O magistrado salientou que recebeu a denúncia “do jeito que veio”. Ou seja, Marques Luz foi convencido dos argumentos da acusação quanto à materialidade e autoria do crime, pelo menos da existência de elementos para que os militares sejam processados pelo desaparecimento de Davi e pelas torturas infligidas também à testemunhas que esteve com Davi.
Além das razões da acusação, a denúncia oferecida pelos promotores e pelo procurador-geral de Justiça continha alguns requerimentos, como: “seja dada prioridade processual a este caso”, bem como a “oitiva antecipada” da principal testemunha que já foi incluída, segundo confirmou o magistrado, no programa de proteção à criança e adolescente ameaçados de morte.
Todos os requerimentos foram aceitos pelo juiz. Marques Luz revelou ainda que “a defesa já foi intimada”. Mas até o fechamento desta edição, Leonardo Moraes, advogado de defesa, não confirmou o recebimento da intimação. |CA
Um ano após sumiço de Davi, sindicância administrativa foi concluída na PM
Somente após um ano do desaparecimento de Davi da Silva, o caso Davi virou ação penal. Durante estes mais de 350 dias a família continuou buscando informações sobre o rapaz ou e os acusados, mas nada de revelação concreta.A investigação policial encontrou dificuldades desde o primeiro momento. Qual teria sido a guarnição? Quem teria sido a mulher policial? Dirimidas as primeiras dúvidas dos investigadores, o que só ocorreu mais de dois meses depois, deu-se início realmente à investigação sobre os acusados. Levou tempo, mas muito mais tempo tem levado a sindicância aberta pela Corregedoria da Polícia Militar para apurar se houve transgressões disciplinares.
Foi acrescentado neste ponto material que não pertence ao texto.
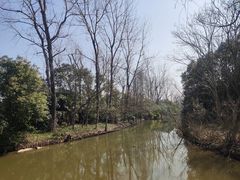 -上海滨江森林公园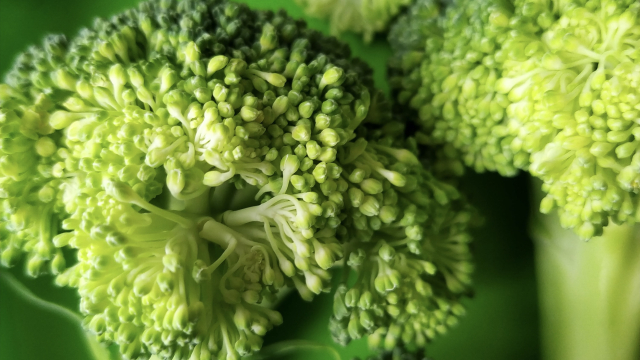 broccoli_florets_food_unsplash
A investigação policial concluiu pelo sequestro, cárcere privado, homicídio e ocultação de cadáver cometido pelos policiais contra Davi e o crime de tortura cometido contra a outra vítima. Por esta razão, o processo esteve todo o tempo na 5ª vara criminal do Tribunal do Juri. Mas como o promotor daquela vara, Flávio Gomes, entendeu que era caso de tortura seguida de morte, o processo mudou de competência e foi para a 14ª vara criminal.
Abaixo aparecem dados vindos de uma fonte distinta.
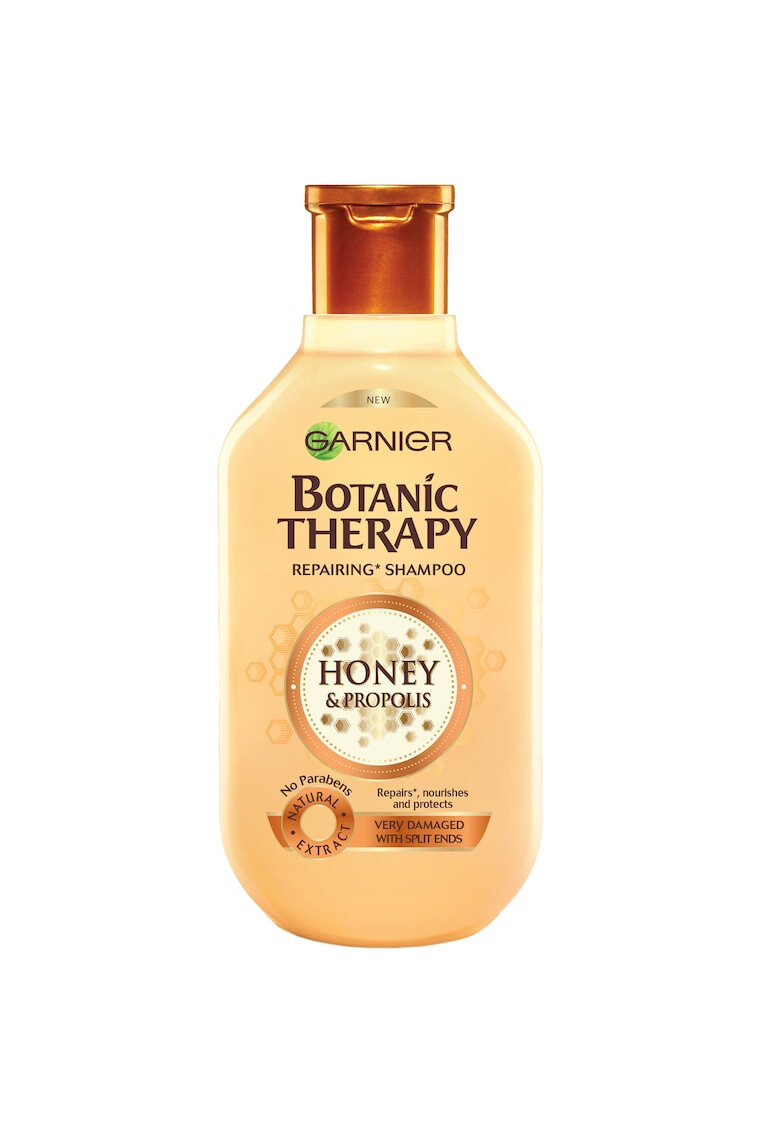 Garnier Sampon Botanic Therapy & pentru par ml - Pled.ro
Enfim, o caso Davi virou ação penal. A denúncia foi oferecida e recebida. Durante todo esse tempo a sindicância para apurar responsabilidades administrativas não foi concluída. O corregedor da PM/AL, coronel Antonio, reconheceu à reportagem a demora na resolução desta sindicância, mas atribuiu às dificuldades em ter acesso à investigação policial.
“Pela dificuldade do encarregado conseguir as informações que estavam no inquérito, pois este estava correndo em sigilo. Há provas que o processo administrativo não conseguia”, por estas razões algumas testemunhas ainda não foram ouvidas e novas diligências foram pedidas. O corregedor explicou que o processo foi concluído, mas que foram necessárias novas diligencias para que fosse dada uma solução.
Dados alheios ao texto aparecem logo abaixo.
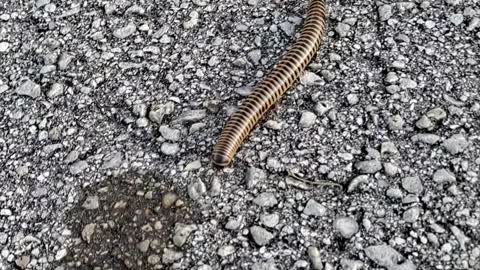 Millipede crossing the street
A reportagem perguntou se haveria algum beneficiamento aos militares investigados, se seria esta a razão da demora. Mas o corregedor assegurou que isto não é possível, “até porque há um processo judicial que vai revelar o que realmente aconteceu”. O coronel explicou ainda que é possível deixar o
processo sobrestado enquanto não há uma sentença, pois “há transgressões disciplinares militares que só ocorrem com decisão judicial”.
Segundo o corregedor, os militares que respondem pelo desaparecimento de Davi da Silva não estão mais em trabalho nas ruas. “Desde que os militares foram indiciados pelos delegados do inquérito, os quatro militares saíram da rua e estão em trabalho burocrático”. O que foi confirmado pelo advogado de defesa dos militares.